● **What you are asked to do**
Could you set down exactly the lines of the data below, starting at the one that holds "Also You can" and ending at the one that holds "Women Jewelry Korean", both included, and only those?

[Scraped caption text data]

%%

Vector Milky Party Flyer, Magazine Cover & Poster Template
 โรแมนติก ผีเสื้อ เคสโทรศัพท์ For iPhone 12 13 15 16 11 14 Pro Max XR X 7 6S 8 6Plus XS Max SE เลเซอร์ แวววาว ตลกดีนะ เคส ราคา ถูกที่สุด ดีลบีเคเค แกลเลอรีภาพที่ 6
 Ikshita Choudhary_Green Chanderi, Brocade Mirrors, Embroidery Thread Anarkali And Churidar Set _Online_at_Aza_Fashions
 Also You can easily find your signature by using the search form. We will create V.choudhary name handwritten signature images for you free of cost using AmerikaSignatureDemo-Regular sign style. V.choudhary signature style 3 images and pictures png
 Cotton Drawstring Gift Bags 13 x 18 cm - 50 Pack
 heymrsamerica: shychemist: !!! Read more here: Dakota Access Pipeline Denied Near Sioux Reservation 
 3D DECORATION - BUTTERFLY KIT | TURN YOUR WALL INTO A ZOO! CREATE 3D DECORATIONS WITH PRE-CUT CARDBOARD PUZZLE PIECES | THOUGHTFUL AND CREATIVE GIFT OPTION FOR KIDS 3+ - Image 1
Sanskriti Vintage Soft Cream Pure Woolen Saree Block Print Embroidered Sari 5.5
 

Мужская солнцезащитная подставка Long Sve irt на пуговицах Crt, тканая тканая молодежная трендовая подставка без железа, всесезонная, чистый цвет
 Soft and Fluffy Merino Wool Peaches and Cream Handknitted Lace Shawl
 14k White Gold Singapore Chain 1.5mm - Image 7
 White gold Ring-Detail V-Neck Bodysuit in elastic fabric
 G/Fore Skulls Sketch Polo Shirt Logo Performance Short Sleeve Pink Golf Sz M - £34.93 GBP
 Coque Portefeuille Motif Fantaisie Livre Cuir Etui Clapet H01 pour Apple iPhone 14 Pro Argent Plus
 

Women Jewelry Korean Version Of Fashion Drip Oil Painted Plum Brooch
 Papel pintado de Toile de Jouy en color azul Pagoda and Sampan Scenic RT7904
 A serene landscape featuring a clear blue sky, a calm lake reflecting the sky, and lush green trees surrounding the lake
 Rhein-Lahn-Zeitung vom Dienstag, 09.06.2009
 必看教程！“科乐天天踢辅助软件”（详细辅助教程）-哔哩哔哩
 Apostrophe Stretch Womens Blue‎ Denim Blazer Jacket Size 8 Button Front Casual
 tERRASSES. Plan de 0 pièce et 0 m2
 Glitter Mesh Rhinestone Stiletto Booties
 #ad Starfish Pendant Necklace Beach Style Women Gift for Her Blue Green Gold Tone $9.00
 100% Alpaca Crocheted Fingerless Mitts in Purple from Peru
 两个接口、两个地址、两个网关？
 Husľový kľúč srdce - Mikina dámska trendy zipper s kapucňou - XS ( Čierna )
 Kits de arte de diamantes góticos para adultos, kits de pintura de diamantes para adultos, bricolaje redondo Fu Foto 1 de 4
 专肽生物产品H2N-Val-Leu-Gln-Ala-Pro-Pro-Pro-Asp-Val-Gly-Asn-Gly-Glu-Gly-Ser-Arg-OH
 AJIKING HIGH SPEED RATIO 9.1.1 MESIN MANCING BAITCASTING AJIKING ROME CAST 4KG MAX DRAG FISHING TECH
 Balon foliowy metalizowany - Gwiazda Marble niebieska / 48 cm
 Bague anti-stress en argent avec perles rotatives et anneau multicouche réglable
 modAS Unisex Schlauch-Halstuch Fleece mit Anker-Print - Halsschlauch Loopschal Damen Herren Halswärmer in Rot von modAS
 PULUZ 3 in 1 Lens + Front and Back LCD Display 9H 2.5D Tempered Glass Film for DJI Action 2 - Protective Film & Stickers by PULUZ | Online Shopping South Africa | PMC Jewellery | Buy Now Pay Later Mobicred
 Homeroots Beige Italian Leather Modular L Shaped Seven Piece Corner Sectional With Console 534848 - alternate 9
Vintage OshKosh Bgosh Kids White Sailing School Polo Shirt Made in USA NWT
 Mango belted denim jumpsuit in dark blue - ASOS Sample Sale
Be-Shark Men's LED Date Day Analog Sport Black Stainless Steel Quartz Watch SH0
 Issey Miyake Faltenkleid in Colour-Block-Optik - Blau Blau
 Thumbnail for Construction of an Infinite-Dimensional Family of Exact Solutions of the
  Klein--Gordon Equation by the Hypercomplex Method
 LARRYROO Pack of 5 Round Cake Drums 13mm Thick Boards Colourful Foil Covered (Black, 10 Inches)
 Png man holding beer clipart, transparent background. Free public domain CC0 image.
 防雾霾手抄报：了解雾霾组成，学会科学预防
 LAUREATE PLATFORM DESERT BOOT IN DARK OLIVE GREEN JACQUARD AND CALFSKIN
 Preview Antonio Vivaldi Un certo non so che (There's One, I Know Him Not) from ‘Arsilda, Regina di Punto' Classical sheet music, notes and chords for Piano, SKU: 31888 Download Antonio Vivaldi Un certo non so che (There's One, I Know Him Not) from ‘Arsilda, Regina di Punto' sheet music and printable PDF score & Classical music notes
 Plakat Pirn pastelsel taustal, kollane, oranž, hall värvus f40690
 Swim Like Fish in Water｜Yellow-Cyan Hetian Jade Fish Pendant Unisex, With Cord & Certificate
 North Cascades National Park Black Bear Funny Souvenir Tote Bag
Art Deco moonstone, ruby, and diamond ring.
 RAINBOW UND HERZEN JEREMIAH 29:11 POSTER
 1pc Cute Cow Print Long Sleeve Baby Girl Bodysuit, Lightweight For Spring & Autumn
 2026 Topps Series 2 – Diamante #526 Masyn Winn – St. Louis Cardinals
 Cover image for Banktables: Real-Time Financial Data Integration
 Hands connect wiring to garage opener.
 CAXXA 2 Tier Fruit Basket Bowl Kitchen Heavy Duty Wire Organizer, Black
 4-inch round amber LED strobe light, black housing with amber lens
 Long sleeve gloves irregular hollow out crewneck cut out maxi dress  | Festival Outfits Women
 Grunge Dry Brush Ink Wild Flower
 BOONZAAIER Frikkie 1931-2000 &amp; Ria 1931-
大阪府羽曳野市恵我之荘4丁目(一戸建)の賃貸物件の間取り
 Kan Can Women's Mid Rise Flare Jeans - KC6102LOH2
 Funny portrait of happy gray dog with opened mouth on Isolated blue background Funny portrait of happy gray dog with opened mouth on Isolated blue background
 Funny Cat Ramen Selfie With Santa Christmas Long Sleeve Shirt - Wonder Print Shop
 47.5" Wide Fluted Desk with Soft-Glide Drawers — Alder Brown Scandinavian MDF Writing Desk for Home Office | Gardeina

%%

● **Solution for this task**
 Also You can easily find your signature by using the search form. We will create V.choudhary name handwritten signature images for you free of cost using AmerikaSignatureDemo-Regular sign style. V.choudhary signature style 3 images and pictures png
 Cotton Drawstring Gift Bags 13 x 18 cm - 50 Pack
 heymrsamerica: shychemist: !!! Read more here: Dakota Access Pipeline Denied Near Sioux Reservation 
 3D DECORATION - BUTTERFLY KIT | TURN YOUR WALL INTO A ZOO! CREATE 3D DECORATIONS WITH PRE-CUT CARDBOARD PUZZLE PIECES | THOUGHTFUL AND CREATIVE GIFT OPTION FOR KIDS 3+ - Image 1
Sanskriti Vintage Soft Cream Pure Woolen Saree Block Print Embroidered Sari 5.5
 

Мужская солнцезащитная подставка Long Sve irt на пуговицах Crt, тканая тканая молодежная трендовая подставка без железа, всесезонная, чистый цвет
 Soft and Fluffy Merino Wool Peaches and Cream Handknitted Lace Shawl
 14k White Gold Singapore Chain 1.5mm - Image 7
 White gold Ring-Detail V-Neck Bodysuit in elastic fabric
 G/Fore Skulls Sketch Polo Shirt Logo Performance Short Sleeve Pink Golf Sz M - £34.93 GBP
 Coque Portefeuille Motif Fantaisie Livre Cuir Etui Clapet H01 pour Apple iPhone 14 Pro Argent Plus
 

Women Jewelry Korean Version Of Fashion Drip Oil Painted Plum Brooch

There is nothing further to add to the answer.